Short text fragments from websites
------

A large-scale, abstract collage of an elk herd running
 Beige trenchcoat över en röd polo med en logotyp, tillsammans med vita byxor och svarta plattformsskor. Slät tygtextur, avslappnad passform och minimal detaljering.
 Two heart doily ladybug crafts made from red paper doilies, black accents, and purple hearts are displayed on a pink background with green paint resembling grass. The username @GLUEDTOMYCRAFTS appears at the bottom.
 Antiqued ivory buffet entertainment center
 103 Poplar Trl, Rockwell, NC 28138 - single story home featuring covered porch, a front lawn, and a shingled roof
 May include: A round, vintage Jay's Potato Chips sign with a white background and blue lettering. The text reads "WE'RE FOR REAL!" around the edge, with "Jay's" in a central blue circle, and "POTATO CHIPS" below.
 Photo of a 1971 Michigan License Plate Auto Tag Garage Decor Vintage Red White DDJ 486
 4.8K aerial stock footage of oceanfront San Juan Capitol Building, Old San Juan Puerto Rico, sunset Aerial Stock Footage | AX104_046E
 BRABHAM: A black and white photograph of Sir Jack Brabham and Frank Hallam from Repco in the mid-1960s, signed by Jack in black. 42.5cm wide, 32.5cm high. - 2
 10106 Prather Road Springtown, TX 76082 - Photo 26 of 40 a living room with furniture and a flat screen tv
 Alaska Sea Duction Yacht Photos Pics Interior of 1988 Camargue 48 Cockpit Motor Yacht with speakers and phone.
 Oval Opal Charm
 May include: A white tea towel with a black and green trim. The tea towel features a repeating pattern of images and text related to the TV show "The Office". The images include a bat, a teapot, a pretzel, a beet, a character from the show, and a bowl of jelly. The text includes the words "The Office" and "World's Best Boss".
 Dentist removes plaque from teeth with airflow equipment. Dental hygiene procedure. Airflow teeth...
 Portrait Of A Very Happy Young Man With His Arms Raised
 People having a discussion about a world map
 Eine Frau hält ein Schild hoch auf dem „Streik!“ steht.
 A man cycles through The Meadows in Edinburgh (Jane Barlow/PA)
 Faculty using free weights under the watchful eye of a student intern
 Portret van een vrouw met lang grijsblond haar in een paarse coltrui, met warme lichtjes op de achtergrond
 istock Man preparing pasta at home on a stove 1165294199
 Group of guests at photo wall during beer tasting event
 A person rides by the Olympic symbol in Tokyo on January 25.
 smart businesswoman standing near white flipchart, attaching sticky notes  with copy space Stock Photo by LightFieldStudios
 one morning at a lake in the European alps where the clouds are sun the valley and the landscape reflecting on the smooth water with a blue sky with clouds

------

• _AIM OF THE EXERCISE_
Word for word, repeat the lines from the one holding "BRABHAM: A black" through the last line of the entries, both included.

• _OUTPUT FOR THIS TASK_
 BRABHAM: A black and white photograph of Sir Jack Brabham and Frank Hallam from Repco in the mid-1960s, signed by Jack in black. 42.5cm wide, 32.5cm high. - 2
 10106 Prather Road Springtown, TX 76082 - Photo 26 of 40 a living room with furniture and a flat screen tv
 Alaska Sea Duction Yacht Photos Pics Interior of 1988 Camargue 48 Cockpit Motor Yacht with speakers and phone.
 Oval Opal Charm
 May include: A white tea towel with a black and green trim. The tea towel features a repeating pattern of images and text related to the TV show "The Office". The images include a bat, a teapot, a pretzel, a beet, a character from the show, and a bowl of jelly. The text includes the words "The Office" and "World's Best Boss".
 Dentist removes plaque from teeth with airflow equipment. Dental hygiene procedure. Airflow teeth...
 Portrait Of A Very Happy Young Man With His Arms Raised
 People having a discussion about a world map
 Eine Frau hält ein Schild hoch auf dem „Streik!“ steht.
 A man cycles through The Meadows in Edinburgh (Jane Barlow/PA)
 Faculty using free weights under the watchful eye of a student intern
 Portret van een vrouw met lang grijsblond haar in een paarse coltrui, met warme lichtjes op de achtergrond
 istock Man preparing pasta at home on a stove 1165294199
 Group of guests at photo wall during beer tasting event
 A person rides by the Olympic symbol in Tokyo on January 25.
 smart businesswoman standing near white flipchart, attaching sticky notes  with copy space Stock Photo by LightFieldStudios
 one morning at a lake in the European alps where the clouds are sun the valley and the landscape reflecting on the smooth water with a blue sky with clouds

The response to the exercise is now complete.